Pensez-vous qu’il existe une conscience écologique en Tunisie ?
H. H. Au niveau mondial, déjà, il n’y a pas de conscience écologique. C’est pareil en Tunisie, ce qui rend le problème très complexe. Je pense qu’il ne faut pas séparer les différents pays lorsque l’on parle écologie.
Aujourd’hui, si on jette un déchet en France, en Algérie ou en Italie, il impactera également la Tunisie. Et vice versa. De la même manière, si on adopte, juste soi-même ou en petite communauté, des pratiques écoresponsables sans penser aux autres, cela ne sert à rien. Ce que nous voulons faire, c’est développer une génération écologique qui agit partout : dans les quartiers populaires et ceux plus aisés, dans les zones rurales ou urbaines… Nous sommes tous concernés par l’écologie.
« Nous poussons les jeunes à créer des actions en les orientant et en les conseillant »
Après la période électorale, des initiatives citoyennes qui ont pour but de nettoyer les villes ont vu le jour. Pensez-vous que ces changements politiques peuvent entraîner des actions concrètes ?
H. H. Il y a eu des campagnes de nettoyage après l’élection de Kaïs Saïed, mais ce sont surtout des actes politiques. Dans l’esprit des Tunisiens, ce qu’on appelle Makhar, la saleté, a un lien direct avec la corruption. Ainsi, lorsque quelqu’un d’aussi probe que monsieur Saïed est élu, il est normal de voir de telles actions. Cependant, j’ai peur que ce ne soit que passager. J’espère qu’un jour ces mouvements viendront de groupes de citoyens pour des raisons environnementales.

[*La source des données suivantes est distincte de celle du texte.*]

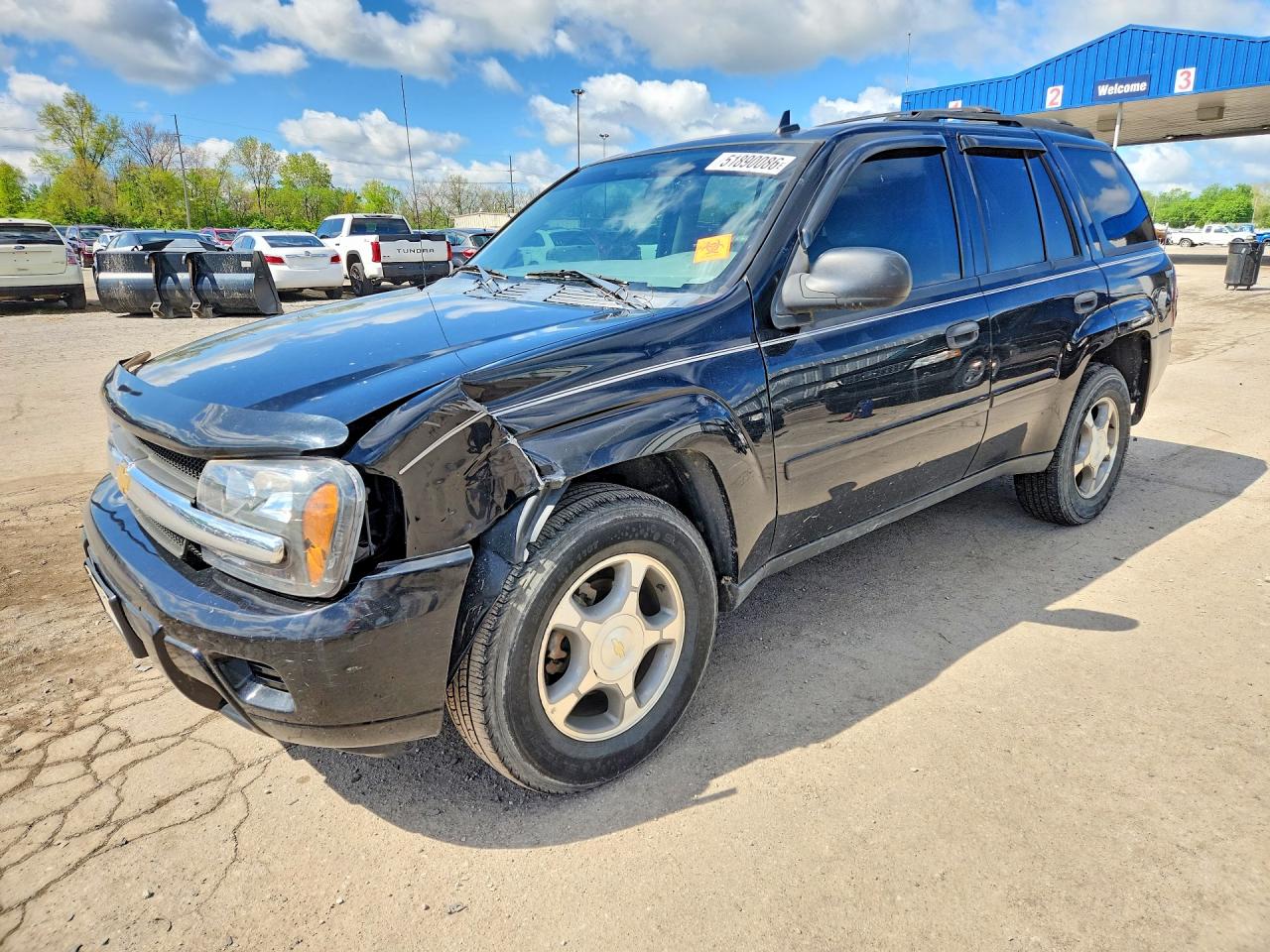 2007 Chevrolet TrailBlazer LS, VIN 1GNDT13S372303033 — Front end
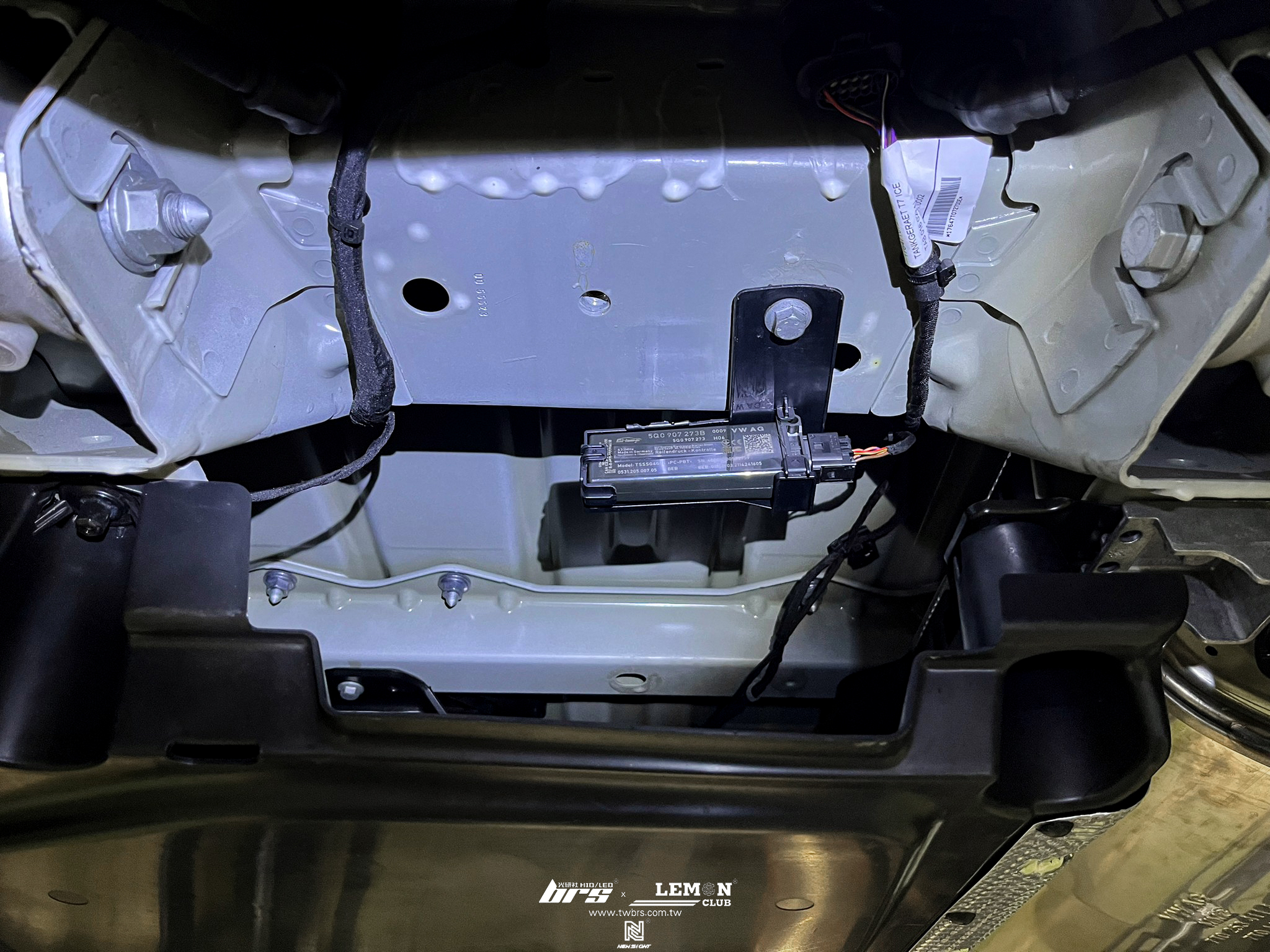 Volkswagen T7 安裝 原廠直接式胎壓系統搭配ORO金屬銀氣嘴+怠速熄火啟停自動關閉器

Kaïs Saïed ne s’est pas exprimé sur le changement climatique. J’espère, et je crois, qu’il sera à notre écoute. Je ne pense pas qu’il fera des enjeux climatiques sa priorité. Il y a beaucoup d’autres problèmes en Tunisie. Mais il arrivera à faire avancer cette cause. Même avec cette volonté, le président n’a pas beaucoup de prérogatives. Le vrai champ de bataille se déroulera dans l’assemblée où se prennent vraiment les décisions politiques.
Quel est pour vous le frein majeur à l’avancée de l’écologie en Tunisie ?
H. H. Ce qui se fait en Tunisie en matière d’écologie, ce n’est que de la sensibilisation. Les gens parlent des problèmes environnementaux mais n’agissent pas. Nous cherchons donc aujourd’hui, avec les associations, à monter en priorité des projets. Nous poussons les jeunes à créer des actions en les orientant et en les conseillant. Nous souhaitons les rendre acteurs en les aiguillant vers de bonnes réflexions, de bonnes décisions et de bonnes solutions.
C’est à ça que servent les campagnes de nettoyage. Ce ne sont pas des actions a très haute valeur ajoutée pour l’environnement. Très concrètement, on déplace un déchet d’une plage vers une décharge. Si l’on ne valorise pas le déchet, l’action est presque inutile. Mais c’est avec ce genre d’initiatives que l’on arrive le mieux à sensibiliser et à former les jeunes du pays.
Quand on met la main à la pâte, on se rend vite compte de la situation. Par ces actions, on minimise légèrement l’impact des déchets sur notre environnement et on forme une nouvelle génération écoresponsable.